On the piano there are 12 notes between A4 and A5 (include).
Im trying to find three notes between A4 and A5 (hence on the scale of 440 to 880) Using the golden ratio: 1.618 (accuracy of three points is enough here).
More specific: There are 5 points on an axis from 440 to 880: A4=440 note1=?, note2=?, note3=?, A5=880
I want to find (note1, note2, note3) Where note2 is: “1.618 closer to note1 than note1 to A4”, note3 is “1.618 closer to note2 than note2 to note1” and A5 is “1.618 closer to note3 than note3 to note2.

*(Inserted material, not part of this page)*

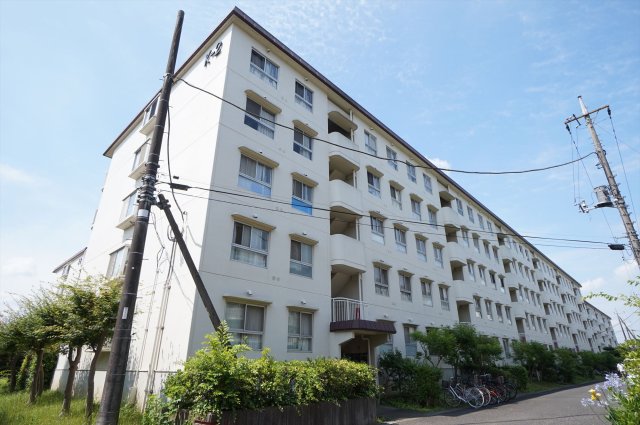 川越グリーンパークK-2号棟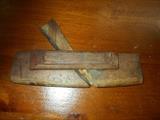 Primitive 19th Century Handmade plane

Im not sure if one can prove that 3 points like this exist, but I guess we can prove that there are n points (n is natural) like that that exist, right?
How can I find these n’s? And when finding one, how can I find its n notes?
From what I'm understanding, you want the ratio between $d_2$ and $d_1$ to be 1.618, and so on for $d_3$ to $d_2$, and $d_4$ to $d_3$. You basically end up with a system of equations:
Take:
$$d_1=n_1-A_4$$ $$d_2=n_2-n_1$$ $$d_3=n_3-n_2$$ $$d_4=A_5-n_3$$
Where $n_k$ is the $k_{th}$ note and $A_4<n_1<n_2<n_3<n_4<A_5$ and $d_k$ is the distance between $n_k$ and $n_{k-1}$ and $n_0=A_4$ and $n_4=A_5$.
Then, by the golden ratio constraints you've asked for, we end up with:
$$n_3-n_2=(A_5-n_3)\cdot1.618$$ $$n_2-n_1=(n_3-n_2)\cdot1.618$$ $$n_1-A_4=(n_2-n_1)\cdot1.618$$
Solving these taking $A_4=440$ and $A_5=880$, we end up with
$$A_4=440$$ $$n_1=636.7701$$ $$n_2=758.3833$$ $$n_3=833.5459$$ $$A_5=880$$
All in Hz. Each of those are in the golden ratio to the preceding one. You can generalize this as long as you know your initial and final note.